Closed kami4ka closed 2 years ago
That's a good idea. I have to add some failsafes nonetheless. However using residential Proxies eat up the credits for free users in about 4 calls, something Theisen must be aware of
@orangecoding Oh. Not really for 4 calls :-) 40 calls for a free plan, but yep, you're right, it's a costly solution.
@kami4ka is there any hint in json I'm getting back from scrapingant that we have hit a capture?
As we can observe - yep.
1) Currently blocked HTML content contains a following title
tag: <title>Ich bin kein Roboter - ImmobilienScout24</title>
2) Headline block contains the following text: Ich bin kein Roboter
I guess that one of those can be used for the simple detection of the capture. Here is an example of the detected page: https://gist.github.com/kami4ka/efd1ed05c940c1eb549e172ca1b557fd
I'd suggest an enhancement for Immoscout scraping. As for my observation, the standard ScrapingAnt proxies are unstable in the scope of the detection.

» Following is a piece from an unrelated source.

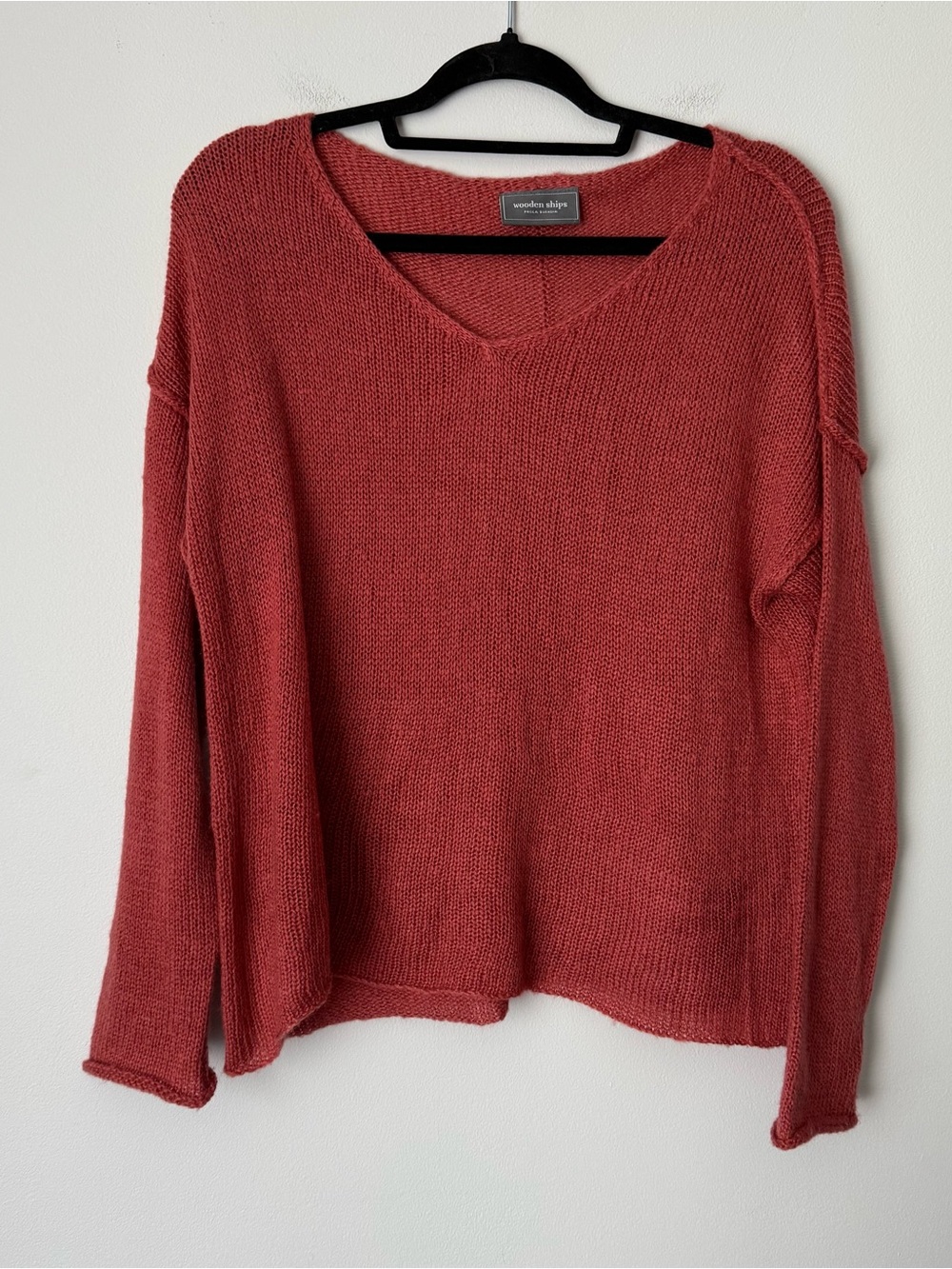 Wooden Ships Women's V-Neck Sweater - Rose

My suggestion is the following: 1) Try using standard proxy 2) If detected - retry with residential
Also, as an alternative, retry using standard proxies can be added before using residential: 1) Try using standard proxy 2) If detected - retry using standard N times 3) if still detected - retry with residential
Residential request costs more but looks like it is cheaper than retry with standard proxies.